Limitations & Future Work¶
- Dependency on high-quality reflection models (usually requiring GPT-5 level), which is not inexpensive.
- For tasks requiring large-scale weight updates (e.g., knowledge injection), prompt optimization has a limited ceiling.
- Randomness in the search process may result in variance between different runs.
- Fairness in comparison with RL is debatable—the optimization targets differ (prompts vs. weights).
- For ultra-long prompts (thousands of tokens), the quality of reflection and mutation may degrade.
- The design of the evaluation metric significantly impacts final results; GEPA cannot optimize if the metric is poor.
- In tasks requiring precise control over internal model representations, such as safety alignment, the limitations of prompt optimization are more pronounced.
Related Work & Insights¶
- vs.
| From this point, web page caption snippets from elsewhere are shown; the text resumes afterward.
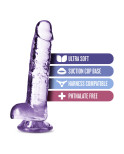 Dildo Realistico Blush Naturally Yours TPE Ø 3,5 cm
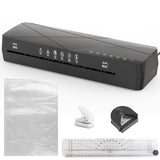 1Pc 13Inch Laminator Machine Hot And Cold Mode A4 Personal Thermal Laminator With ABS Function 60S Warm Up Time 30Mins Auto Off For Home Office School Business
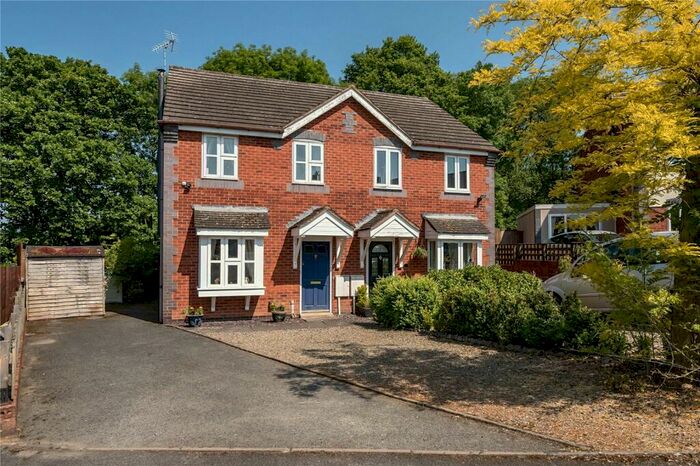 2 Bedroom Semi-Detached House For Sale In New Forest Close, Far Forest, Kidderminster, Worcestershire, DY14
GRPO/PPO: GRPO optimizes model weights via policy gradients, requiring massive rollouts; GEPA optimizes prompt text, replacing gradients with reflection.
- vs. MIPROv2: Previously the strongest prompt optimizer; GEPA surpasses it by 10%+ on tasks like AIME via ASI and Pareto search.
- vs. TextGrad: TextGrad also uses textual feedback but adopts gradient emulation; GEPA’s evolutionary search + reflection is more efficient.
Rating¶
- Novelty: ⭐⭐⭐⭐⭐ The paradigm of replacing RL scalar rewards with natural language reflection is highly inspiring and well-deserving of an ICLR Oral.
- Experimental Thoroughness: ⭐⭐⭐⭐ Validated across six tasks with comprehensive comparisons against GRPO and MIPROv2.
- Writing Quality: ⭐⭐⭐⭐⭐ Motivation is clearly articulated; the method is intuitive and easy to understand.
- Value: ⭐⭐⭐⭐⭐ Has already seen large-scale industrial adoption (Shopify, Databricks, OpenAI, etc.), indicating significant practical impact.